Exercise goal:
Write out the line that contains "Maharaja makeover: Prasoon", then every following line to the end of the records below, with no other lines and no changes.
───── Material for this exercise ─────
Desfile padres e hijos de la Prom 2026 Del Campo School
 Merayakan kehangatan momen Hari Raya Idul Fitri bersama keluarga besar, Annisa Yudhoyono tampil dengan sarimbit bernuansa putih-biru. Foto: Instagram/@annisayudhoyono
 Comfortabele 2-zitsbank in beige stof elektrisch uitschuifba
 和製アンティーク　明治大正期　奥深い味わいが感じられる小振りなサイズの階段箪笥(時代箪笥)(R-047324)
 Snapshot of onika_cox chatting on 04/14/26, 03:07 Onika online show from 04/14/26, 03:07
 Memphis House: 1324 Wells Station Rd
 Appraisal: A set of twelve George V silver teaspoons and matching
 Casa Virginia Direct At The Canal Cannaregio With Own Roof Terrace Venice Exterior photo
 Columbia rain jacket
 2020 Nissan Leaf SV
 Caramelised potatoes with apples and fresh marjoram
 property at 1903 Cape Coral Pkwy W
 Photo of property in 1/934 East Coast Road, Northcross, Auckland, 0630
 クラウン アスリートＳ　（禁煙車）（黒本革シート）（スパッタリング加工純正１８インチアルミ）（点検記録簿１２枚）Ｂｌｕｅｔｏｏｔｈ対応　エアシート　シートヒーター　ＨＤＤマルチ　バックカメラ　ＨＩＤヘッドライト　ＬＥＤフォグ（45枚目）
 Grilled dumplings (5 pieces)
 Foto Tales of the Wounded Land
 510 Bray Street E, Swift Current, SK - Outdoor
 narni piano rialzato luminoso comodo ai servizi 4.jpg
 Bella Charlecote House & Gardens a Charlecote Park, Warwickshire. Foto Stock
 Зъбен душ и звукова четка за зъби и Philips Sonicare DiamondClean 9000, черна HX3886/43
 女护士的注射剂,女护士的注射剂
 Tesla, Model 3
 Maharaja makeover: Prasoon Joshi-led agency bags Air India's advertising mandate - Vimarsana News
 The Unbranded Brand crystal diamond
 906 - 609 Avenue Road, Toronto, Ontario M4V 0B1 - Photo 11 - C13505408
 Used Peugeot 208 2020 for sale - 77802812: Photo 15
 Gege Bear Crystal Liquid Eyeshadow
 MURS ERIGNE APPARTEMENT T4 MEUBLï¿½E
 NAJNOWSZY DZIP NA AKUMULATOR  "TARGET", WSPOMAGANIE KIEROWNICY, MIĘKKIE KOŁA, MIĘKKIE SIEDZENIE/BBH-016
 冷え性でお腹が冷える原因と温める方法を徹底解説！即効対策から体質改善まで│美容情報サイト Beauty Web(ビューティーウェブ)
─────
Expected output:
 Maharaja makeover: Prasoon Joshi-led agency bags Air India's advertising mandate - Vimarsana News
 The Unbranded Brand crystal diamond
 906 - 609 Avenue Road, Toronto, Ontario M4V 0B1 - Photo 11 - C13505408
 Used Peugeot 208 2020 for sale - 77802812: Photo 15
 Gege Bear Crystal Liquid Eyeshadow
 MURS ERIGNE APPARTEMENT T4 MEUBLï¿½E
 NAJNOWSZY DZIP NA AKUMULATOR  "TARGET", WSPOMAGANIE KIEROWNICY, MIĘKKIE KOŁA, MIĘKKIE SIEDZENIE/BBH-016
 冷え性でお腹が冷える原因と温める方法を徹底解説！即効対策から体質改善まで│美容情報サイト Beauty Web(ビューティーウェブ)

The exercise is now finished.